Ich bin unterwegs in der finnischen Taiga, nahe Lieksa im Osten des Landes. Es ist Herbst, die Zeit des Ruska, wenn Birken golden glühen und die Moore in allen Rottönen leuchten. Die Nächte sind schon ordentlich kalt, Mücken gibt es keine mehr. Pilze sprießen, Preiselbeeren und Heidelbeeren sind reif und landen jeden Morgen in meinem Müsli. Mein Weg führt mich heute über Schotterwege tief in den dichten Wald bis zu dem Basislager von Eero Kortelainen alias Erä-Eero. Die Keljänpuro Lodge ist eine alte Holzfällerhütte aus den 1950er Jahren und wurde von Eero selbst renoviert. Zuerst hat Eero hier verschiedene Outdooraktivitäten angeboten, seit 2005 auch Wildtierbeobachtungen. Im Laufe der Jahre wurde Erä-Eero als weltweit bester Ort für die Beobachtung von Vielfraßen bekannt, ein scheues und seltenes Tier, das in freier Wildbahn nur schwer zu beobachten ist. An verschiedenen Stellen gibt es dafür Beobachtungshütten und Fotoverstecke, wo ich mich für die nächsten zwei Nächte einquartiert habe.

Vielfraß auf einem Baum in Finnland
Vielfraße sind geschickte Kletterer
So schön ist der Herbst in Finnland…selbst an einem regnerischen Tag.

Willkommen bei Erä-Eraeo

Ich werde herzlich mit dampfendem Kaffee empfangen.
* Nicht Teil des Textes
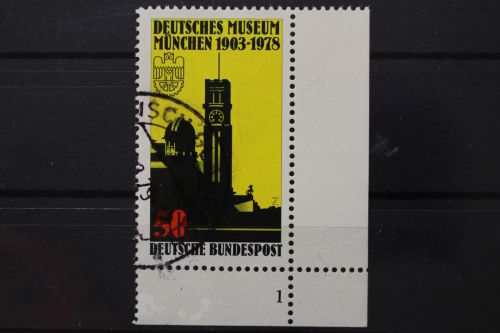Deutschland (BRD), MiNr. 963, Ecke rechts unten, FN 1, gestempelt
Die Keljänpuro Lodge ist urig gemütlich und die Tierbilder an den Wänden machen Lust, gleich zur Tierbeobachtung aufzubrechen. Doch zuerst gibt mir Sini eine Einweisung. Ich erfahre mehr über die Verstecke, welche Regeln dort zu befolgen sind und wie mein Abend und der nächste Morgen ablaufen werden. Anschließend leihe ich mir noch ein Nachtsichtgerät und packe meine Snackbox und Thermoskanne in mein Auto. Eero und Sini fahren voraus und ich folge mit meinem eigenen Auto. Nach etwa sechs Kilometern passieren wir eine Absperrung und parken unsere Autos vor einer kleinen Holzhütte am Uuronlampi, einem wunderschönen Moorsee, der von hohen Hügeln umgeben ist.

Der Seeadler beobachtet das Geschehen aus sicherer Entfernung.
Der flinke Sperber wartet auf seine Gelegenheit.

Gespannt steige ich aus. Die Holzhütte ist eine luxuriöse Beobachtungshütte mit großen Fenstern, bequemen Lehnsesseln und Ofen. Von hier blickt man einen Abhang hinunter zu einer Wiese, hinter der ein kleiner See liegt. Rechts davon reihen sich drei kleine Fotoverstecke auf, links von der Wiese beginnt der Wald. Da ich der einzige Gast bin, habe ich die freie Wahl und ich suche mir das hinterste Fotoversteck mit Blick auf See und Wiese aus. Während Eero und Sini Futter zum Anlocken der Tiere ausbringen, richte ich mich in meinem Versteck ein. Schnell sind die Kameras in Position gebracht und das Bett und die zwei Stühle mit allerlei Zeug bedeckt. Es dauert eine Weile, bis ich alles für die Nacht an die richtige Stelle verbracht habe, wo ich es auch im Dunkeln finde. Denn nachts bleibt das Licht aus. Sonst verscheuche ich die Wildtiere. Ich werfe den kleinen Gasofen an und inspiziere den Toiletteneimer hinter dem Vorhang. Alles da, was man so braucht.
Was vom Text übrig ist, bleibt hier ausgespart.